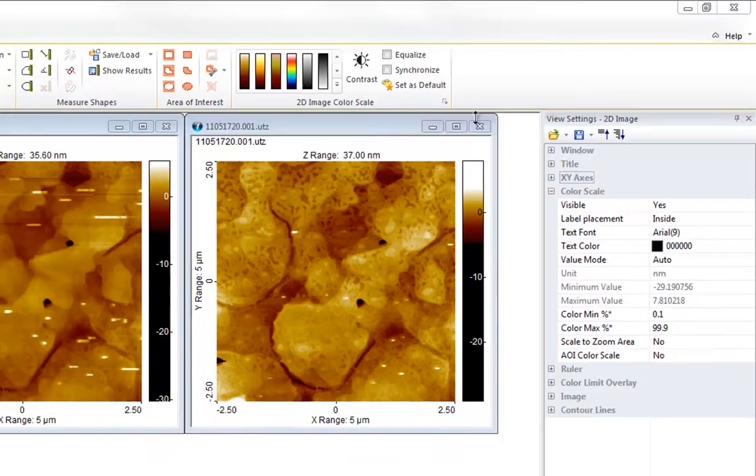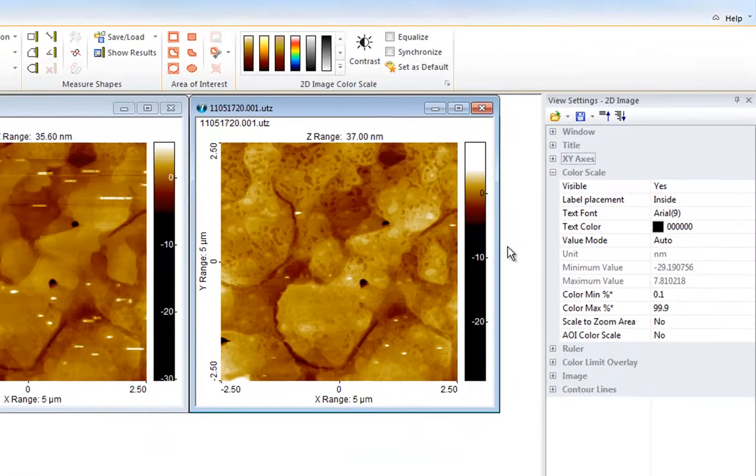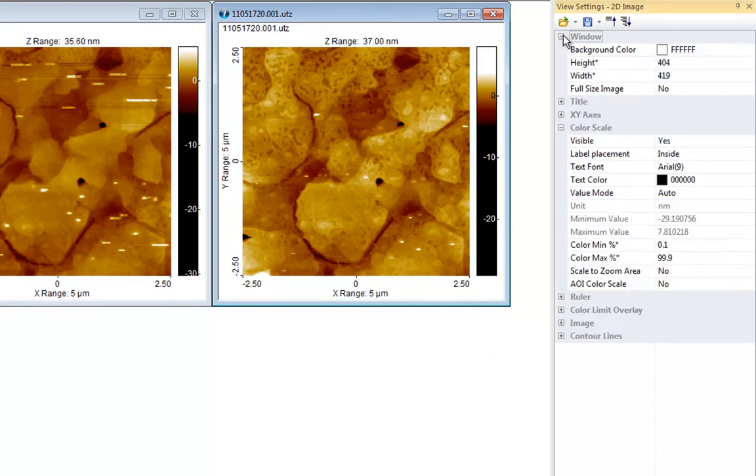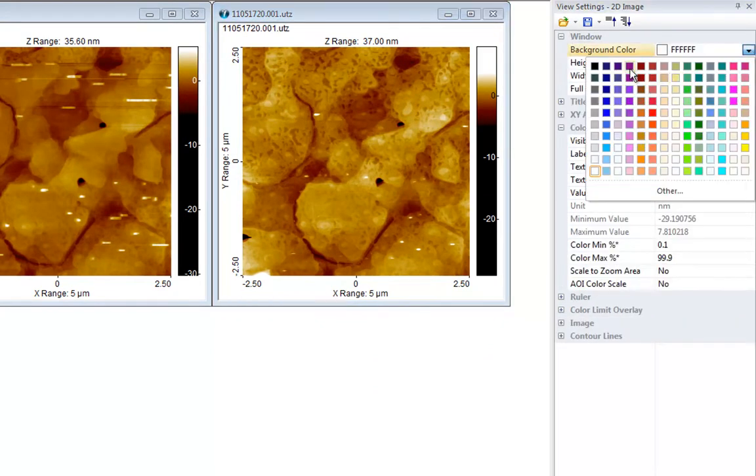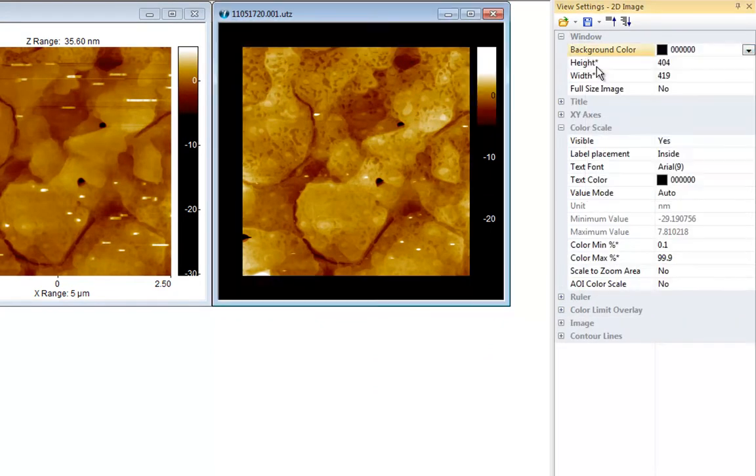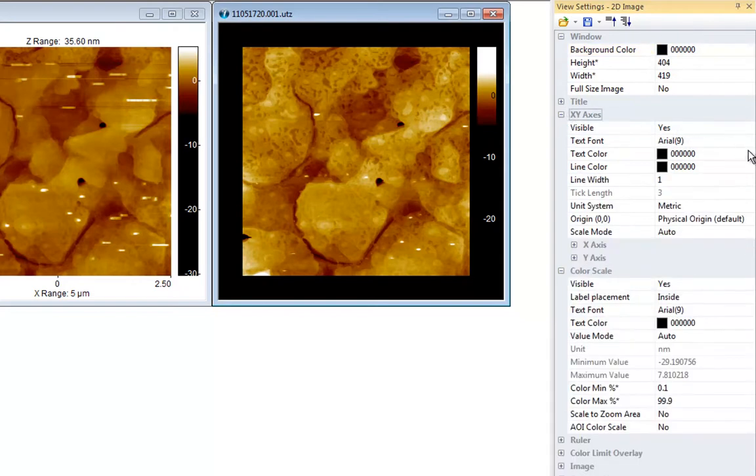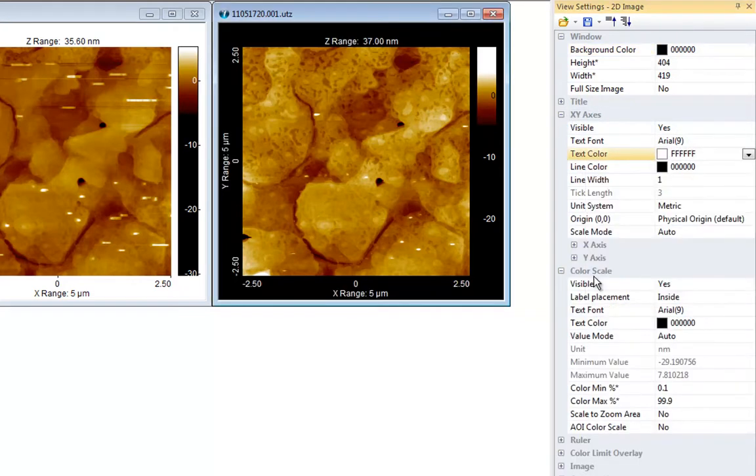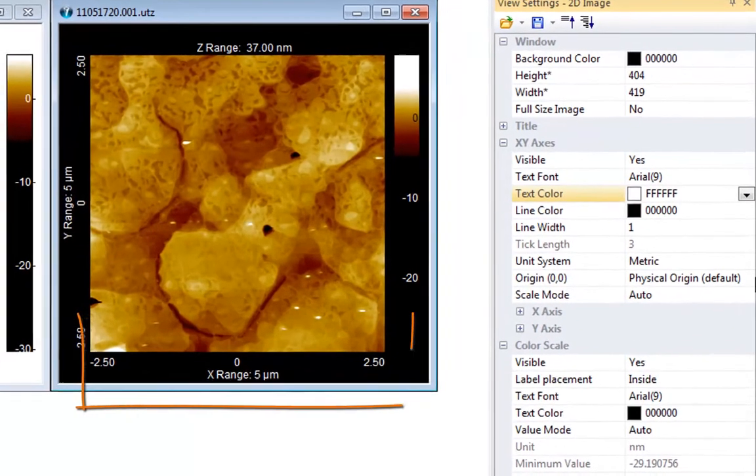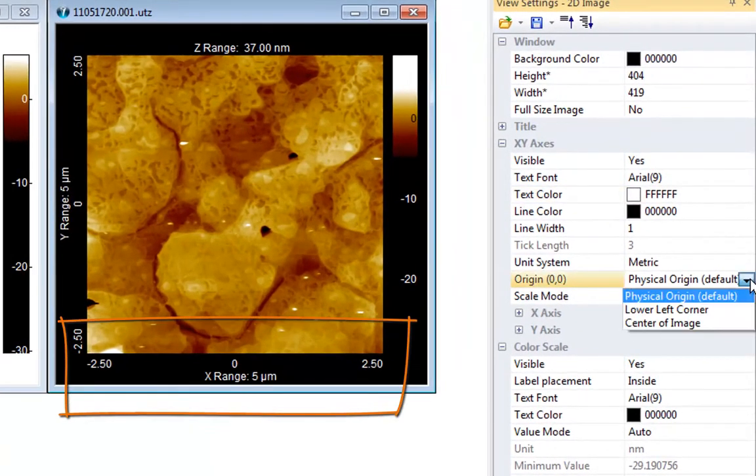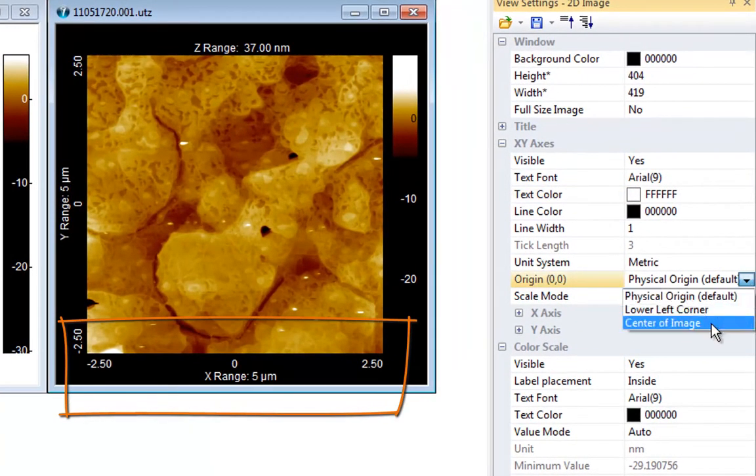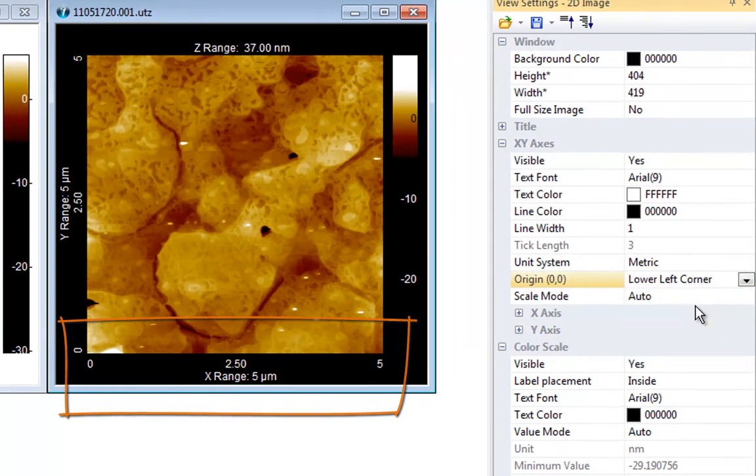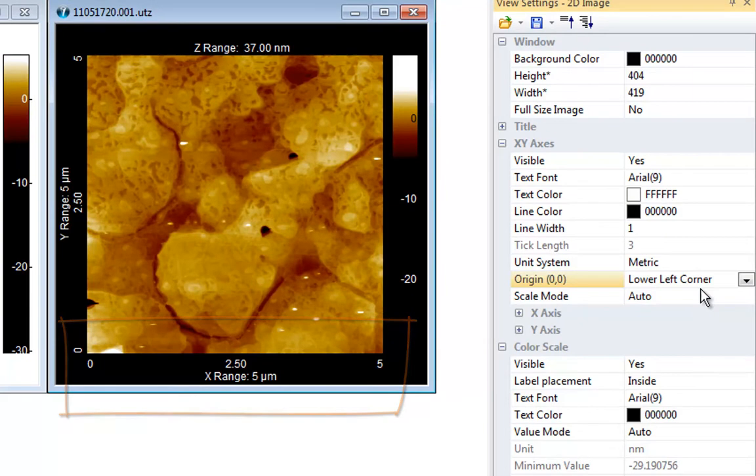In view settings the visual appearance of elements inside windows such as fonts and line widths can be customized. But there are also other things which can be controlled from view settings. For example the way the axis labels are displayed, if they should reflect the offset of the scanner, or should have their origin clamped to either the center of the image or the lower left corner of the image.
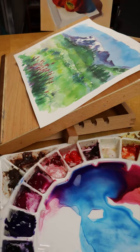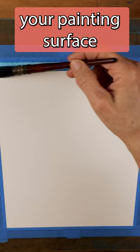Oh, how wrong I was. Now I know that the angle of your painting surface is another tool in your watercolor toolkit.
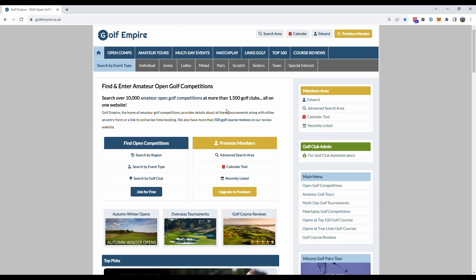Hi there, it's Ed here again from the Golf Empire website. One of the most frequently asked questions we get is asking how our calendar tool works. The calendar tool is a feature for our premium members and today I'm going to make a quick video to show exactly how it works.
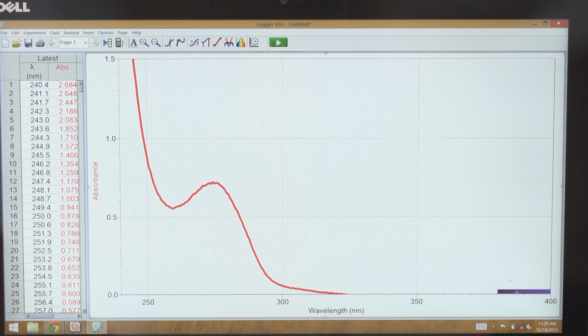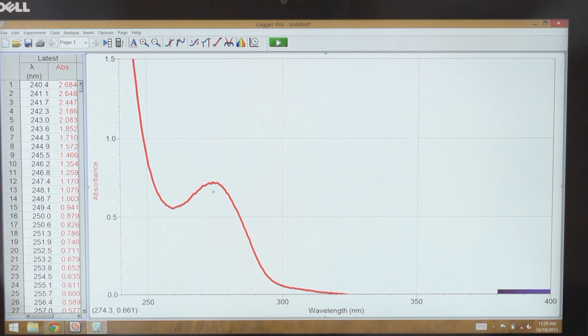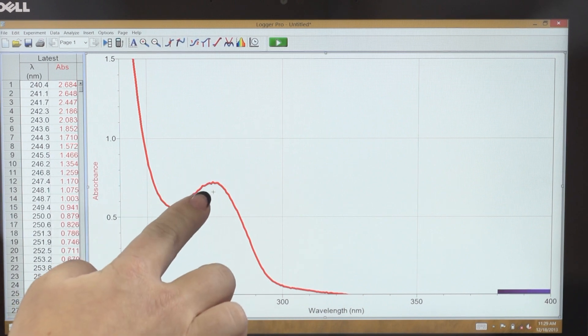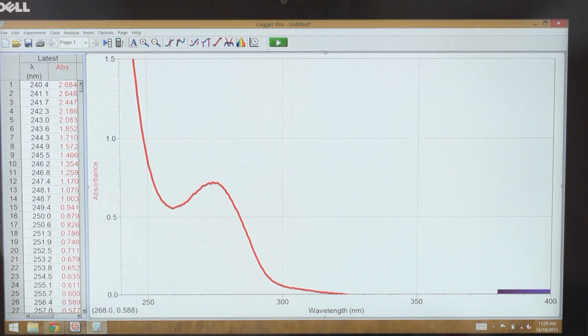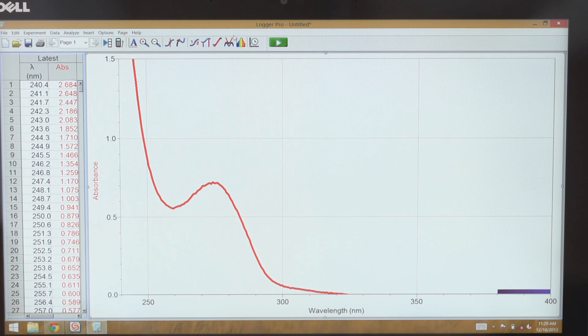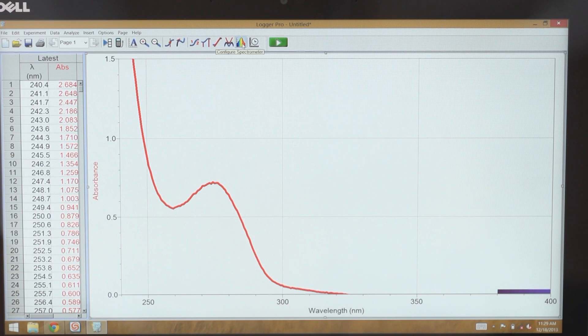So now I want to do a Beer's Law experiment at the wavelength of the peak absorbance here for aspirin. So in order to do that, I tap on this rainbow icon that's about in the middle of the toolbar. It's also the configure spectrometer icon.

_About this exercise_.
Starting at the line containing "Oh, how wrong" and stopping at the line containing "Hi there, it's", output every line above exactly, both ends included, with pictures omitted.

_Answer to this exercise_.
Oh, how wrong I was. Now I know that the angle of your painting surface is another tool in your watercolor toolkit.
Hi there, it's Ed here again from the Golf Empire website. One of the most frequently asked questions we get is asking how our calendar tool works. The calendar tool is a feature for our premium members and today I'm going to make a quick video to show exactly how it works.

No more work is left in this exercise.